Hay mañanas en las que papi Edu se cree atleta olímpico del despertar temprano. Hoy incluso puso un despertador, cosa que nunca hacemos salvo emergencia estilo “se acaba el queso” o “hay que huir de un tractor”. Pero solo media hora antes de lo normal, tampoco os penséis que nos metimos en la legión. Según él, hay que “optimizar los días porque anochece antes”. Según yo, había sitio de sobra para dormir otra cabezadita. Pero bueno, salimos a las once en vez de al mediodía y papi estaba orgullosísimo, como si hubiera escalado el Everest con chanclas.
Después del palizón turístico del día anterior, hoy tocaba jornada light. Quince minutos en coche y llegamos a Aurillac. Aparcamos delante del Decathlon y, como siempre que huele a ropa nueva y tarjetas temblando, me quedé en el coche. Papi entró y salió feliz como un cachorro con pelota nueva: dos camisetas y unos zapatos. Yo esperaba chuches, pero parece que no venden huesos en la sección de montaña.
Siguiente parada: supermercado E. Leclerc. Repetimos jugada. Yo al coche, él a llenar bolsas como si viniera una guerra de espaguetis y papel higiénico. Salió con tanto que pensé que íbamos a tener que dejarme a mí atado fuera para hacer sitio. En la camper montamos el famoso tetris del avituallamiento: latas aquí, tomates allá, pan aplastado en hueco misterioso… y yo supervisando todo desde mi cama como capataz senior.
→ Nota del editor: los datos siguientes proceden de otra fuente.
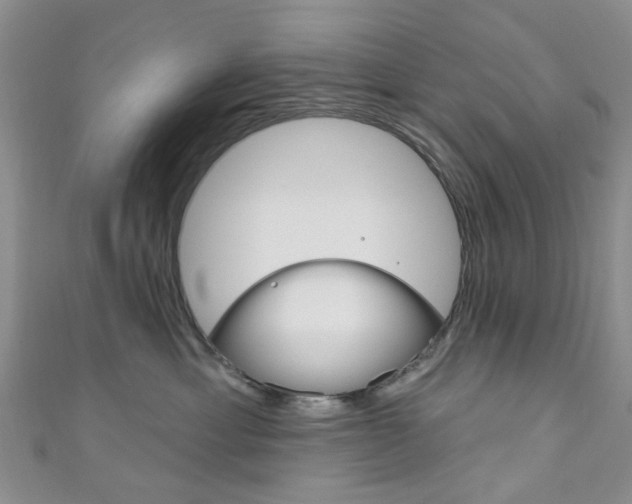 X0000111200429200907011034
Ya sonaban mis tripas y las suyas, así que condujimos quince minutos rumbo sur y aparcamos en un área de picnic. Papi cocinó, comió y recolocó medio supermercado dentro de los armarios como si entrenara para los Juegos Olímpicos del orden. Yo hice lo mío: mirar fijamente su plato, por si caía gravitacionalmente algo interesante.
Después del descanso, arrancamos y nos hicimos unos treinta kilómetros hasta Conques-en-Rouergue. Pero no entramos al pueblo, porque papi había fichado en Park4Night una pradera secreta junto al río Lot. Y ahí sí que dije: ¡guau, guau y requeteguau!
El río Lot es de esos que parecen pintados con pincel fino: tranquilo, ancho, con reflejos que hacen cosquillas a los ojos. Huele a hierba mojada, a hoja vieja y a aventura sin prisa. El sitio estaba escondido entre árboles, con una pradera suave que invita a echarse panza arriba y soñar con ardillas imposibles.
El sol calentaba justo lo necesario, ni fritura ni fresquete. Papi decidió que el plan del resto del día consistía en: nada. Pero nada del bueno: leer, sestear, observar al río y dejarme olfatear cada brizna de hierba como si buscara oro macizo.
Entre cochecitos cortos, compras sin mí y un aterrizaje relajado en esta pradera de postal, hoy no hubo puestas de sol épicas ni montañas escaladas. Pero os digo una cosa con la lengua fuera y la cola orgullosa: a veces, un río y una siesta son mejores que mil miradores.
Y aquí nos quedamos a dormir, con los patos de vecinos y el Lot susurrando historias que no entiendo, pero me gustan igual.